- April 2023 Aorema attack: Part of Jihadist insurgency in Burkina Faso
| Date | April 15, 2023 |
| Location | Aorema, Yatenga Province, Burkina Faso |
| Result | Indecisive |

Belligerents
- Burkina Faso Burkina Faso Armed Forces; Volunteers for the Defense of the Homeland;: Jama'at Nasr al-Islam wal Muslimin

Casualties and losses
- 75+ soldiers and VDP killed (per Liberation) 6 soldiers and 34 VDP killed (per Burkinabe govt) 33 injured: ~50 killed (per Burkina Faso)

= April 2023 Aorema attack =

2023 battle in Burkina Faso

On April 15, 2023, jihadists from Jama'at Nasr al-Islam wal-Muslimin attacked a group of Burkinabe soldiers and civilian volunteers in the Volunteers for the Defense of the Homeland (VDP) near Aorema, Yatenga Province, Burkina Faso, killing at least forty soldiers and VDP and injuring over thirty others. The attack occurred a month after a massacre against civilians by JNIM in Aorema that killed fourteen. Following the attack, Burkinabe soldiers searching for the perpetrators of the April attack killed over 130 civilians in the Karma massacre.

== Background ==
Much of northern Burkina Faso has been the frontline of an insurgency waged by Jama'at Nasr al-Islam wal-Muslimin and the Islamic State in the Greater Sahara since 2015, with these groups intensifying their attacks on civilians seen as sympathetic to the government since 2019. These jihadist groups had been known to invade Aorema multiple times over the past few years demanding zakat.

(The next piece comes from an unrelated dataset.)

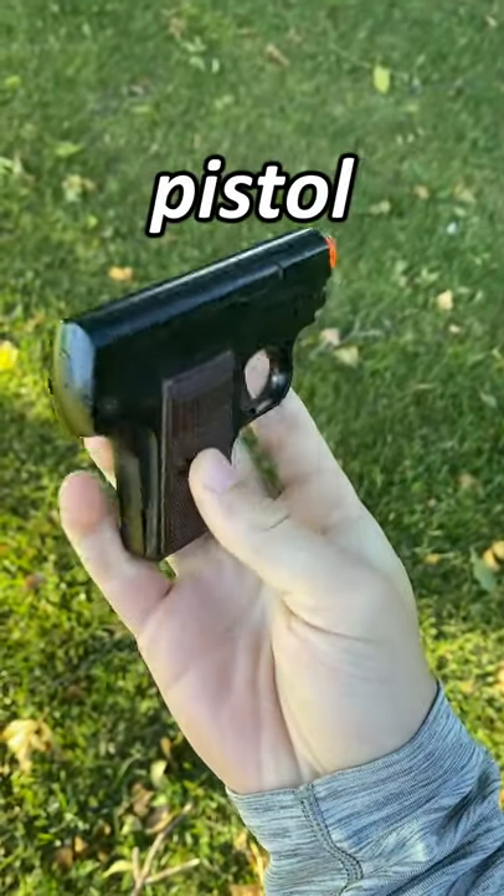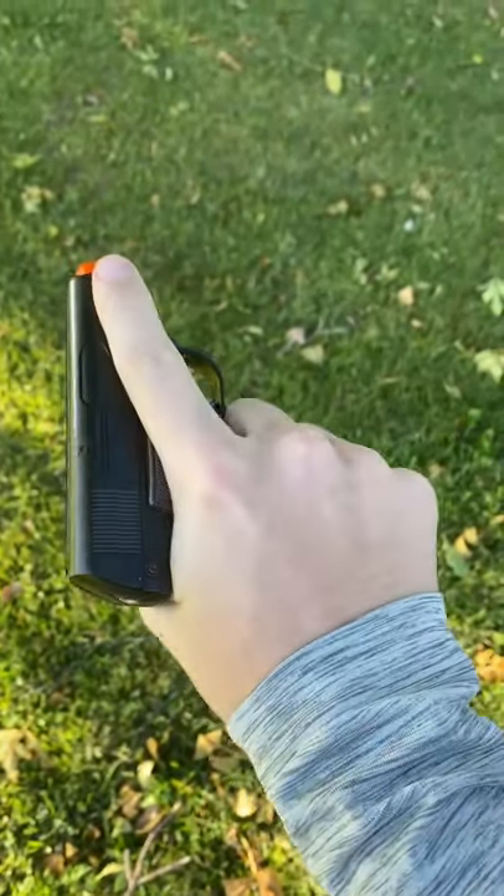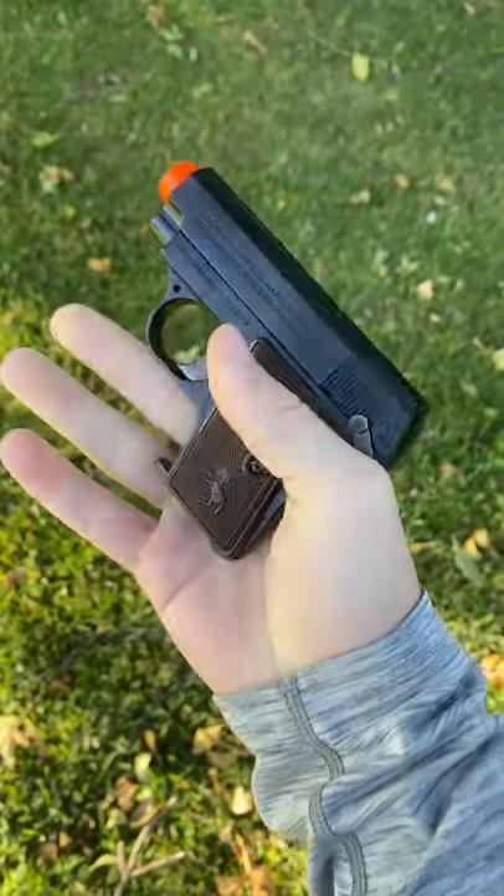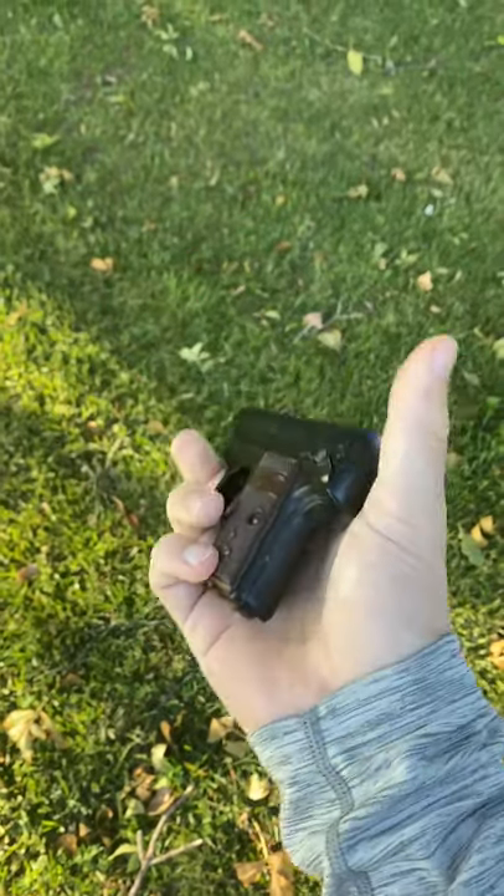This is the smallest airsoft pistol that you can buy. It's actually modeled after a 1908 25 ACP Colt, which was designed to fit in coat pockets, hence why it can fit in the palm of my hand.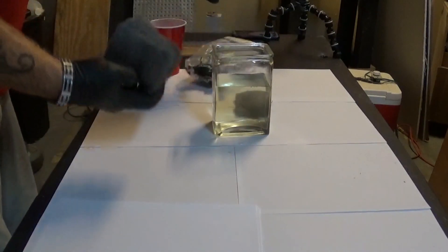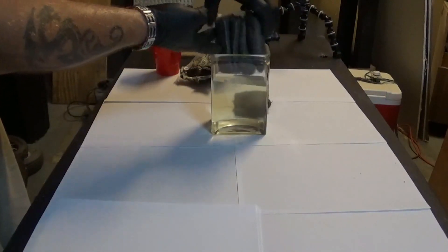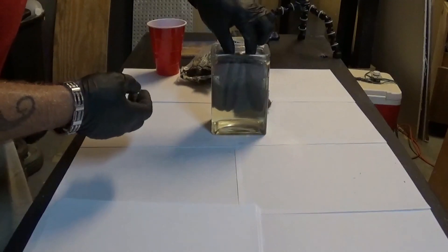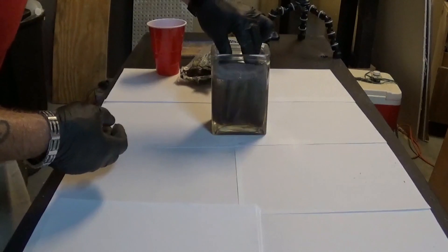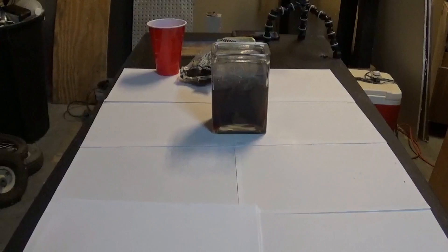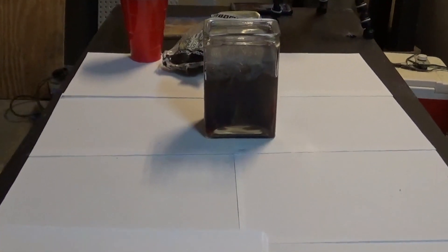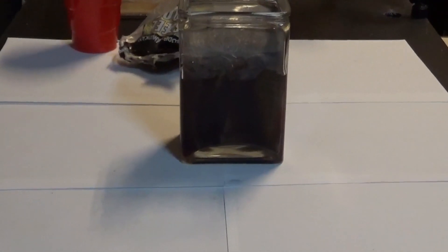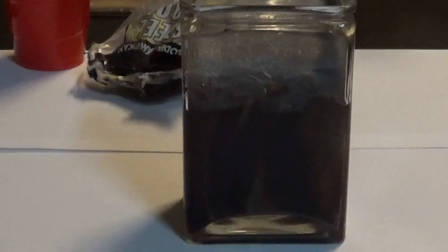Now I take these steel wool pads — there are about four of them — and put them into the square jar. Almost immediately it starts turning color. Look at that, it's already turning color, and give it a few minutes, it's gonna be pretty warm.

On March 2, 2023, JNIM attacked a restaurant in Aorema, killing fourteen civilians. The massacre prompted Burkinabe authorities to establish a curfew until March 31. Jihadists from JNIM's rival group ISGS killed 44 civilians in the Kourakou and Tondobi attacks in Séno Province, which neighbors Yatenga.

== Attack ==
At around 4pm on April 15, JNIM fighters attacked an outpost in Aorema manned by Burkinabe soldiers and VDP. The detachment was intended to man the aerodrome at Ouahigouya. Burkinabe officials reported that forty people were killed in the attack and 33 were injured. Of the dead, six Burkinabe soldiers and thirty-four VDP were killed, and most of the thirty-three wounded were evacuated to the Regional University Hospital of Ouahigouya in a stable condition. The Burkinabe government statement also mentioned that around 50 jihadists were killed in an aerial response.

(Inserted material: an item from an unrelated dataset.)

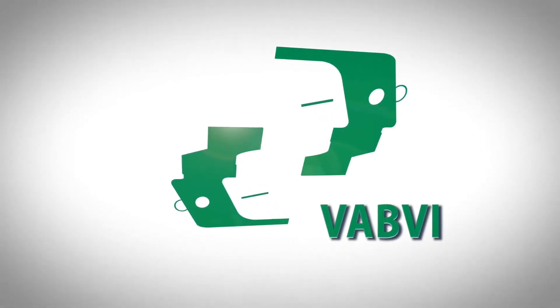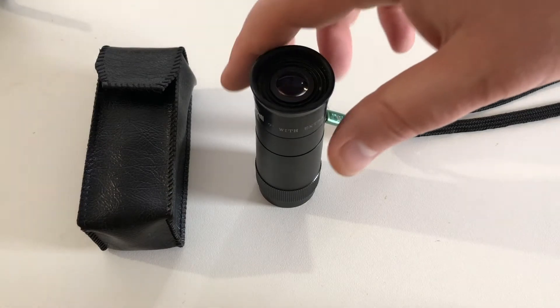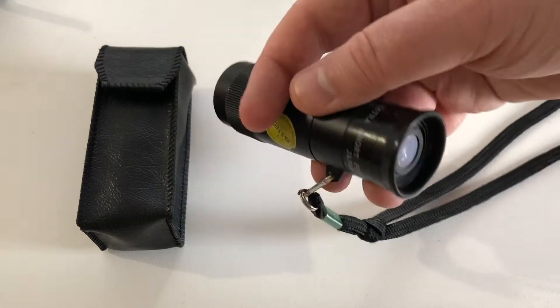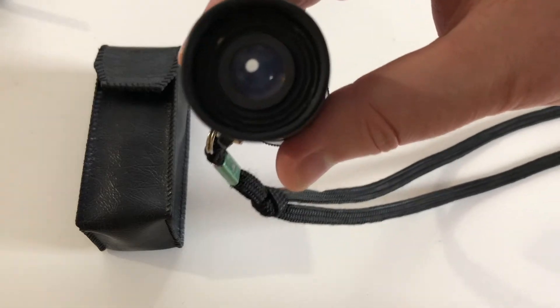The Vermont Association for the Blind and Visually Impaired. Today we're talking about monocular telescopes. Here we have an 8x monocular telescope. There's the aperture where the light comes through, and the other end with the eyepiece that has a rubber gasket around for comfort and to block out light.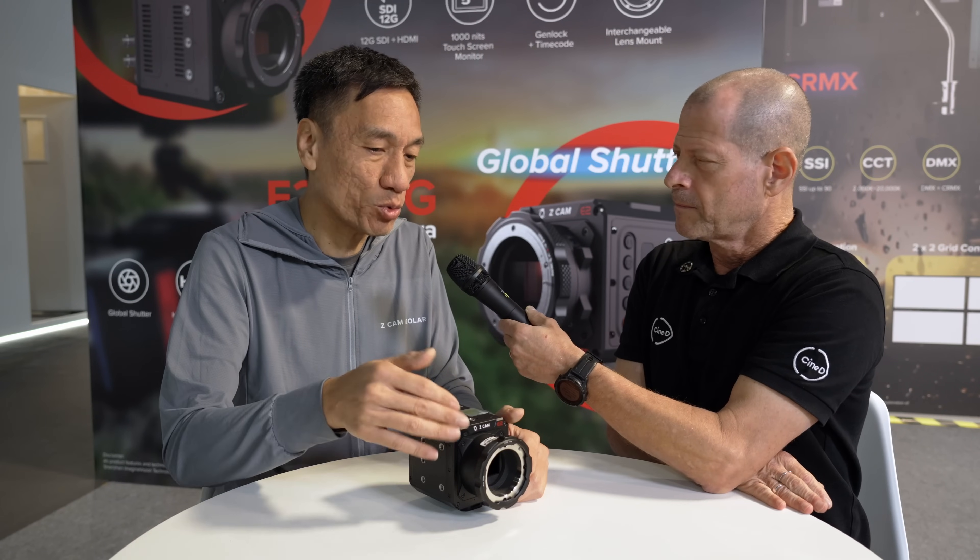The suggested retail price for the E2 M5G is US$3,999. Availability is planned for the end of October — next month.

A report by Libération stated that security sources in the region assessed that over 75 soldiers were killed in the attack, the majority of which were VDP.

== Aftermath ==
The International Crisis Group attributed the attack to JNIM. The attack also fueled the Karma massacre on April 20, where Burkinabe soldiers of the Rapid Intervention Brigade went door-to-door in the village of Karma, seventeen kilometers away from Aorema, and shot indiscriminately at civilians. 157 civilians were killed in the massacre.